One of the most significant applications of AI in gaming is player sentiment analysis, which involves analyzing players’ feedback, reviews, and other data to gain valuable insights into their preferences for game levels, menu elements, or opponents.

By using AI sentiment analysis, game developers scrutinize player feedback to understand what aspects of games resonate most with them.

For instance, League of Legends, one of the most popular Riot Games, uses AI sentiment analysis to monitor player discussions across various platforms.

Based on this data, Riot Games developers can make informed decisions about game updates and improvements to enhance the gaming experience.

Increased interactivity

The biggest advantage of AI is that it can learn and grow as time goes on. Imagine the storytelling if the in-game characters could learn how individual players play the game, study their patterns, and tailor responses for a more unique and satisfying experience!

The best example of this is the Nemesis System in the Middle Earth series. Wherein the enemy orc hordes have hierarchies and the individual orcs have their own strengths, weaknesses, and relations to the horde members. 

Cheat Detection in Multiplayer Games

Cheating has been a big challenge in multiplayer games that negatively impacts the player experience and causes serious repercussions for gaming platforms.

Due to the growing risks of cheating in games, players worldwide find themselves insecure against their opponents who play evil tactics to gain unfair advantages.

So, there is a pressing need to use AI to analyze the players’ movement patterns and detect whether a user is cheating.

Many popular online games like PUBG already use AI to analyze the players’ patterns and prevent cheating. In fact, the game has made several headlines in the past to ban even professional players who cheat in PUBG.

Testing and Debugging

AI-driven testing and debugging tools can efficiently handle thousands of complex test cases at a much faster pace than humans can do. The automated tools can scan vast amounts of code to detect errors, identify bugs, and suggest fixes.

Automating these labor-intensive tasks will allow developers to spot all the little things that should be removed from the game structure and perform their jobs more efficiently, making game testing much faster and smoother. 
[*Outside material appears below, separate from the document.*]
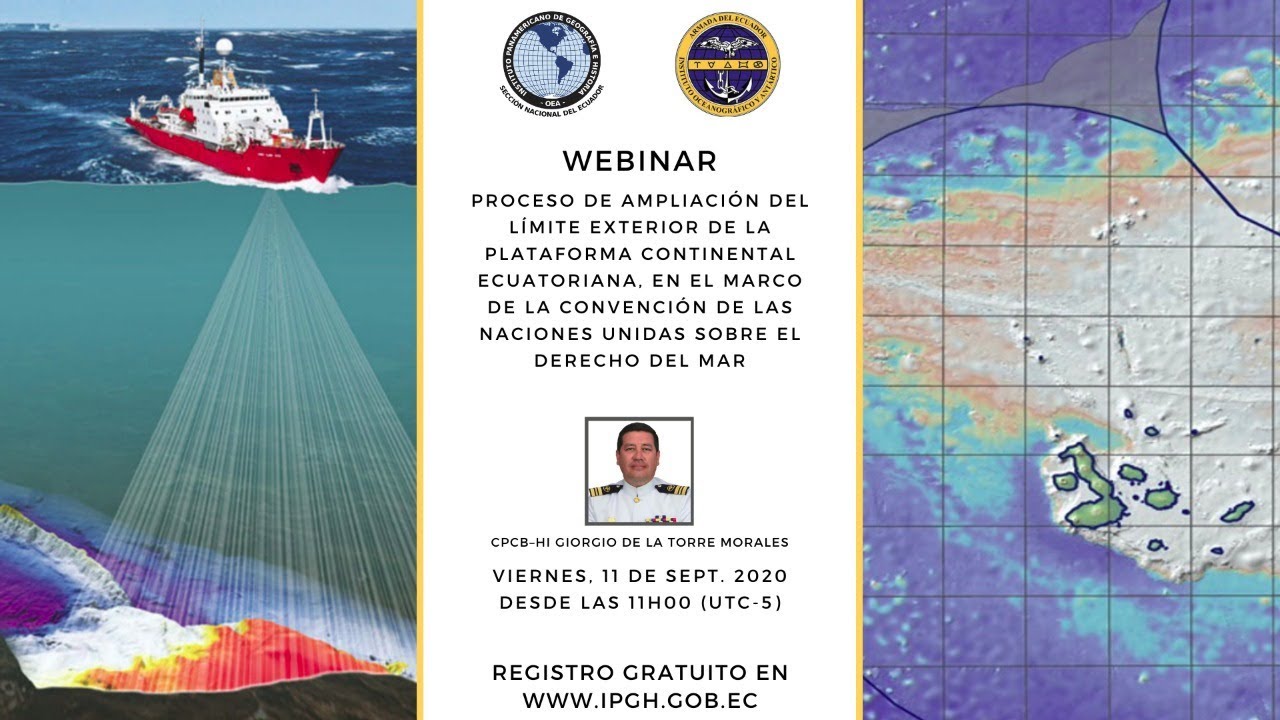 Webinar: Proceso de ampliación del límite exterior de la plataforma continental ecuatoriana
Testing and debugging with AI in gaming.


Future of AI in gaming

Video games are evolving fast. This is the reason why most multiplayer games only last a year or two without regular updates because new content and fascinating gameplay are two of the most essential features that users demand.

And there’s no way to create such dynamic gaming experiences without using artificial intelligence.

AI will eventually change video games across all platforms, from consoles to mobile phones. However, such a transition will not be easy for game developers. Still, considering the common interest in the domain, there will definitely be big breakthroughs in the near future.